We have experimented with this change and similar ones internally in Google and found them to be beneficial so we expect everyone can similarly benefit from this change. We recently changed TensorFlow’s tstring (github; which has a very similar API to std::string) to use precise growth instead of amortized exponential growth in resize(), and in Google use cases, we found no measurable CPU regression, and memory savings of ~23% of memory allocated in resize() - note that this was measured using Google Wide Profiling (GWP; see 1, 2). From GWP data and memory profiles from a load test of a large internal workload, we estimate that we can save ~0.1% of Google’s data center memory usage by making this change. We expect that other general C++ workloads can also save a similar amount of memory from this change, and that string-heavy workloads can save more.
Our internal profiles of Chrome memory usage show that std::string::resize uses at least ~1.2% of Chrome memory. The largest source of this is ~1.0% coming from base::Base64Decode, and we found that this case is manually working around the lack of precise sizing in std::string::resize by calling resize on a default constructed string. By doing precise sizing in resize, we could potentially remove the workaround in Chrome and improve performance there.

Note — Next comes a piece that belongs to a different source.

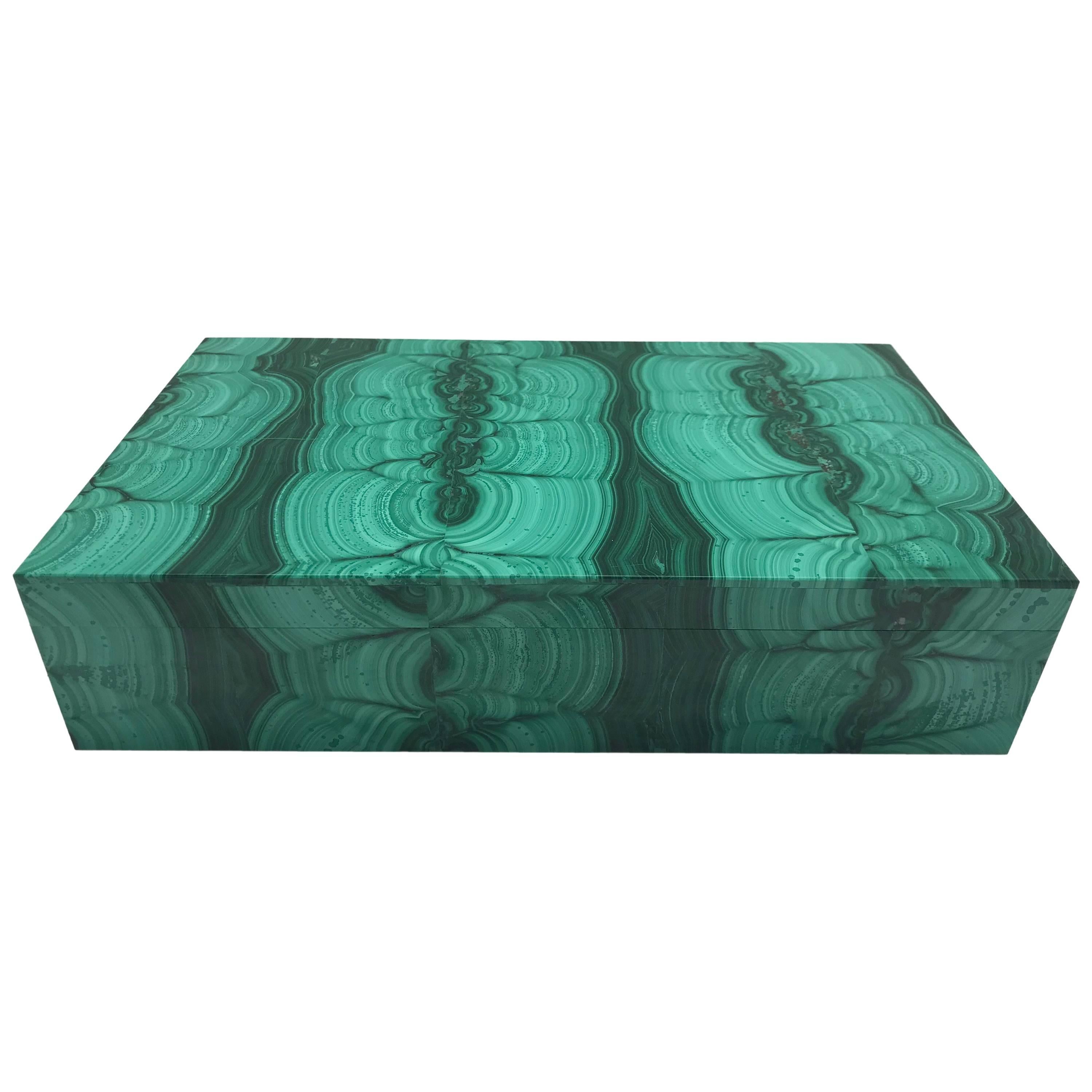 Very Large Malachite Box with Hinged Lid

Risk of quadratic behavior:
There are cases in which we introduce quadratic CPU usage where it was previously linear, but these cases are straightforward to fix by using APIs with amortized constant complexity such as push_back/append or by using reserve, either with a known maximum size or to do amortized exponential growth if the maximum size is unknown.

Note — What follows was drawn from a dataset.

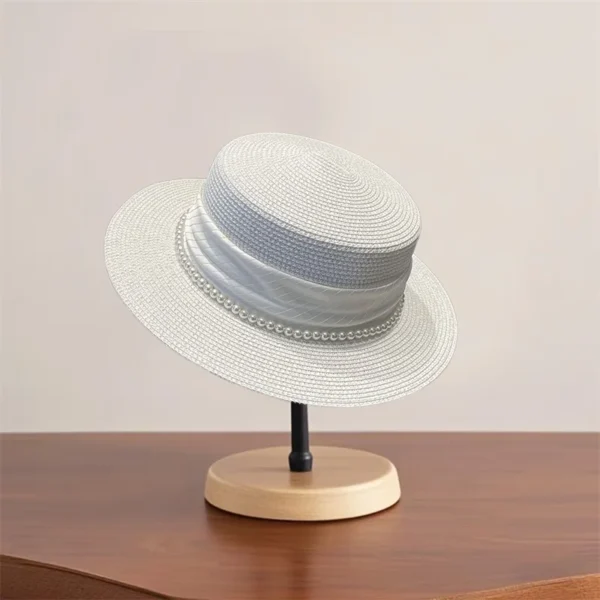 Elegant Women s Wide Brim Straw Hat with Pearl Embellishments for Stylish UV Protection at the Beach or on Holiday - Image 4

The cases in which we introduce quadratic complexity are when resize is used to repeatedly grow a string gradually (e.g. in a loop) - the current code will grow exponentially and take O(N) time in resize whereas the new code will grow precisely and take O(N^2) time in resize, where N is the final size of the string. An example of manual amortized growth using reserve is here:
void StringResizeAmortized(std::string& s, size_t new_size) { const size_t cap = s.capacity(); if (new_size > cap) { // Make sure to always grow by at least a factor of 2x. s.reserve(std::max(new_size, 2 * cap)); } s.resize(new_size); }
Note also that reserve already uses precise growth rather than exponential growth, and the standard does not explicitly define the complexity of either reserve or resize - reference.

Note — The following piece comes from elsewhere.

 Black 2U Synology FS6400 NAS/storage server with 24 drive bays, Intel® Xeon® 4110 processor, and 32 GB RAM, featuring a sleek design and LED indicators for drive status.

Evidence that this issue is rare:
Load tests for a large internal workload were neutral in CPU after fixing just one case of newly quadratic behavior to use push_back/append.
We have also run all Google tests (>1 million) on our internal repository (hundreds of millions of lines of C++ code), and we found only 7 cases in which code became quadratic and needed to be fixed in order to avoid test timeouts. Without exception, these cases were all in library code that provided append-like functionality but was implemented using resize/__resize_default_init rather than append.
Based on this evidence, we expect that usage of std::string::resize that noticeably regresses would also be very rare in other codebases.
Implementation notes:
We make these changes directly inside resize/__resize_default_init rather than inside __grow_by/__grow_by_and_replace (which are also called by push_back/append) because push_back is required to have amortized constant complexity (reference), and in general, append usage seems more likely to benefit from amortized constant complexity even though it is not required by the standard to have this complexity (e.g. see above test failures due to append-like APIs being used to repeatedly grow strings).
Can you add a libc++ specific test (under libcxx/test/libcxx) to check this new behavior?